Work required: Copy every record exactly, with nothing left out.

Records provided:
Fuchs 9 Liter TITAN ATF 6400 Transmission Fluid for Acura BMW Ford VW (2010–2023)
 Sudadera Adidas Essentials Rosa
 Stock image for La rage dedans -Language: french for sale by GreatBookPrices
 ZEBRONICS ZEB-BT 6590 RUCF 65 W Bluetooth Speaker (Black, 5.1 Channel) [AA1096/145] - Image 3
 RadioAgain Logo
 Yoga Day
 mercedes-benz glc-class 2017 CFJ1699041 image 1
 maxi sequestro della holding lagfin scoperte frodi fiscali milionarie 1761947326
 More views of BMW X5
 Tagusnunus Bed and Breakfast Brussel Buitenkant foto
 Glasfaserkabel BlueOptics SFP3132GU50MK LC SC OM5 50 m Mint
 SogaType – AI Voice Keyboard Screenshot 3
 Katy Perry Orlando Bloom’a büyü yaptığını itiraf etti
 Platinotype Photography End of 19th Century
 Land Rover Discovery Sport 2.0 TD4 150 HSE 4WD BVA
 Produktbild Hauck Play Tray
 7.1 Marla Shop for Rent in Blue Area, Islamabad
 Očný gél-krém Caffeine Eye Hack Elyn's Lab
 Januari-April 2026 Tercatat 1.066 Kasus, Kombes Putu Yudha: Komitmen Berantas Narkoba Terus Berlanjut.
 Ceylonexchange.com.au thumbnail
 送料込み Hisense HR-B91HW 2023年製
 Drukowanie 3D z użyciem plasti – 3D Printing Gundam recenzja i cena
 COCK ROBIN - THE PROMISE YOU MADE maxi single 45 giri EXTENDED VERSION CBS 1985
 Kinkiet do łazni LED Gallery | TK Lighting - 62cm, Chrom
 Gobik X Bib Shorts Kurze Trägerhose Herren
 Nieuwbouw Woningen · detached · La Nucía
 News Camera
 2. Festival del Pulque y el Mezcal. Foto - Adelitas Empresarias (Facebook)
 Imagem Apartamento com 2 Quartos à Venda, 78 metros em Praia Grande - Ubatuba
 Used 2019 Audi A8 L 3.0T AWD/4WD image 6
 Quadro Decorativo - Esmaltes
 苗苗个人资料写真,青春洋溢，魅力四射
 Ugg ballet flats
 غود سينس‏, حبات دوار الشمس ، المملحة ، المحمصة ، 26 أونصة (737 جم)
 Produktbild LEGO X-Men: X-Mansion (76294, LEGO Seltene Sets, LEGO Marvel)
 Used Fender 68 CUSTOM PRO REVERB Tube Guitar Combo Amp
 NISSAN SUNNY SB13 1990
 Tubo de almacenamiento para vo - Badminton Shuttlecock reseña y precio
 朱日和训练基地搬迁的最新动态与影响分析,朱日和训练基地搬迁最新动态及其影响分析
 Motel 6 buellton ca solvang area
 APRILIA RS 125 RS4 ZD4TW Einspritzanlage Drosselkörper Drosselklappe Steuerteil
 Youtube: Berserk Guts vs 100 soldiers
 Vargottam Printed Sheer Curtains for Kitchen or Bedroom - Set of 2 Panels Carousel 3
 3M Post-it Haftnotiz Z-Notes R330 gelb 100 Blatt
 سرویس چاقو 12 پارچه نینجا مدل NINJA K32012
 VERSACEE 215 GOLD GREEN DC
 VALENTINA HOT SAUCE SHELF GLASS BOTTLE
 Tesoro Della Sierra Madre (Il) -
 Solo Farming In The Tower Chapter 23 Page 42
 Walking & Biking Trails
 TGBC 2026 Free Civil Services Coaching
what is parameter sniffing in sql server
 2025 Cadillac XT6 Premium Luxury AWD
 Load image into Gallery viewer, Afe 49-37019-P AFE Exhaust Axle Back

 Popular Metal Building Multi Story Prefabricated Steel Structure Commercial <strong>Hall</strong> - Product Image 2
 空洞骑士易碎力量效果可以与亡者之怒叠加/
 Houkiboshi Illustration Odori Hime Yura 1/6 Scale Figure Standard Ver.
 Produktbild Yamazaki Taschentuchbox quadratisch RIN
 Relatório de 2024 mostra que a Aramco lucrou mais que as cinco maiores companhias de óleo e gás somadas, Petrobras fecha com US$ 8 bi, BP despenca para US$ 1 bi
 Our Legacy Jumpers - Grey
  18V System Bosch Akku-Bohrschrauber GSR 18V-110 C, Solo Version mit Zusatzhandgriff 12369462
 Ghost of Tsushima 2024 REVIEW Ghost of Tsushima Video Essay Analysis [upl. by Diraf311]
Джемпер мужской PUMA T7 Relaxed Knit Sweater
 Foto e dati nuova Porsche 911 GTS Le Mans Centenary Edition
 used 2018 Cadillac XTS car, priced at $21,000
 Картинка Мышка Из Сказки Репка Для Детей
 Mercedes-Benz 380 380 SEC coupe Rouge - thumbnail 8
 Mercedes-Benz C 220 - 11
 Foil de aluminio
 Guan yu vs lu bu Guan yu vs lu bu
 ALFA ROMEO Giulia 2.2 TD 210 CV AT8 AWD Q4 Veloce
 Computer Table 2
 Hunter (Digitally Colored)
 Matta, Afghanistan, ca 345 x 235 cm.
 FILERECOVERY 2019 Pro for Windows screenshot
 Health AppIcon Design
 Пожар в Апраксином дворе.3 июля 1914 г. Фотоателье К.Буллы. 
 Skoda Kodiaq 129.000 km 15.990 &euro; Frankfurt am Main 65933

Output below:
Fuchs 9 Liter TITAN ATF 6400 Transmission Fluid for Acura BMW Ford VW (2010–2023)
 Sudadera Adidas Essentials Rosa
 Stock image for La rage dedans -Language: french for sale by GreatBookPrices
 ZEBRONICS ZEB-BT 6590 RUCF 65 W Bluetooth Speaker (Black, 5.1 Channel) [AA1096/145] - Image 3
 RadioAgain Logo
 Yoga Day
 mercedes-benz glc-class 2017 CFJ1699041 image 1
 maxi sequestro della holding lagfin scoperte frodi fiscali milionarie 1761947326
 More views of BMW X5
 Tagusnunus Bed and Breakfast Brussel Buitenkant foto
 Glasfaserkabel BlueOptics SFP3132GU50MK LC SC OM5 50 m Mint
 SogaType – AI Voice Keyboard Screenshot 3
 Katy Perry Orlando Bloom’a büyü yaptığını itiraf etti
 Platinotype Photography End of 19th Century
 Land Rover Discovery Sport 2.0 TD4 150 HSE 4WD BVA
 Produktbild Hauck Play Tray
 7.1 Marla Shop for Rent in Blue Area, Islamabad
 Očný gél-krém Caffeine Eye Hack Elyn's Lab
 Januari-April 2026 Tercatat 1.066 Kasus, Kombes Putu Yudha: Komitmen Berantas Narkoba Terus Berlanjut.
 Ceylonexchange.com.au thumbnail
 送料込み Hisense HR-B91HW 2023年製
 Drukowanie 3D z użyciem plasti – 3D Printing Gundam recenzja i cena
 COCK ROBIN - THE PROMISE YOU MADE maxi single 45 giri EXTENDED VERSION CBS 1985
 Kinkiet do łazni LED Gallery | TK Lighting - 62cm, Chrom
 Gobik X Bib Shorts Kurze Trägerhose Herren
 Nieuwbouw Woningen · detached · La Nucía
 News Camera
 2. Festival del Pulque y el Mezcal. Foto - Adelitas Empresarias (Facebook)
 Imagem Apartamento com 2 Quartos à Venda, 78 metros em Praia Grande - Ubatuba
 Used 2019 Audi A8 L 3.0T AWD/4WD image 6
 Quadro Decorativo - Esmaltes
 苗苗个人资料写真,青春洋溢，魅力四射
 Ugg ballet flats
 غود سينس‏, حبات دوار الشمس ، المملحة ، المحمصة ، 26 أونصة (737 جم)
 Produktbild LEGO X-Men: X-Mansion (76294, LEGO Seltene Sets, LEGO Marvel)
 Used Fender 68 CUSTOM PRO REVERB Tube Guitar Combo Amp
 NISSAN SUNNY SB13 1990
 Tubo de almacenamiento para vo - Badminton Shuttlecock reseña y precio
 朱日和训练基地搬迁的最新动态与影响分析,朱日和训练基地搬迁最新动态及其影响分析
 Motel 6 buellton ca solvang area
 APRILIA RS 125 RS4 ZD4TW Einspritzanlage Drosselkörper Drosselklappe Steuerteil
 Youtube: Berserk Guts vs 100 soldiers
 Vargottam Printed Sheer Curtains for Kitchen or Bedroom - Set of 2 Panels Carousel 3
 3M Post-it Haftnotiz Z-Notes R330 gelb 100 Blatt
 سرویس چاقو 12 پارچه نینجا مدل NINJA K32012
 VERSACEE 215 GOLD GREEN DC
 VALENTINA HOT SAUCE SHELF GLASS BOTTLE
 Tesoro Della Sierra Madre (Il) -
 Solo Farming In The Tower Chapter 23 Page 42
 Walking & Biking Trails
 TGBC 2026 Free Civil Services Coaching
what is parameter sniffing in sql server
 2025 Cadillac XT6 Premium Luxury AWD
 Load image into Gallery viewer, Afe 49-37019-P AFE Exhaust Axle Back

 Popular Metal Building Multi Story Prefabricated Steel Structure Commercial <strong>Hall</strong> - Product Image 2
 空洞骑士易碎力量效果可以与亡者之怒叠加/
 Houkiboshi Illustration Odori Hime Yura 1/6 Scale Figure Standard Ver.
 Produktbild Yamazaki Taschentuchbox quadratisch RIN
 Relatório de 2024 mostra que a Aramco lucrou mais que as cinco maiores companhias de óleo e gás somadas, Petrobras fecha com US$ 8 bi, BP despenca para US$ 1 bi
 Our Legacy Jumpers - Grey
  18V System Bosch Akku-Bohrschrauber GSR 18V-110 C, Solo Version mit Zusatzhandgriff 12369462
 Ghost of Tsushima 2024 REVIEW Ghost of Tsushima Video Essay Analysis [upl. by Diraf311]
Джемпер мужской PUMA T7 Relaxed Knit Sweater
 Foto e dati nuova Porsche 911 GTS Le Mans Centenary Edition
 used 2018 Cadillac XTS car, priced at $21,000
 Картинка Мышка Из Сказки Репка Для Детей
 Mercedes-Benz 380 380 SEC coupe Rouge - thumbnail 8
 Mercedes-Benz C 220 - 11
 Foil de aluminio
 Guan yu vs lu bu Guan yu vs lu bu
 ALFA ROMEO Giulia 2.2 TD 210 CV AT8 AWD Q4 Veloce
 Computer Table 2
 Hunter (Digitally Colored)
 Matta, Afghanistan, ca 345 x 235 cm.
 FILERECOVERY 2019 Pro for Windows screenshot
 Health AppIcon Design
 Пожар в Апраксином дворе.3 июля 1914 г. Фотоателье К.Буллы. 
 Skoda Kodiaq 129.000 km 15.990 &euro; Frankfurt am Main 65933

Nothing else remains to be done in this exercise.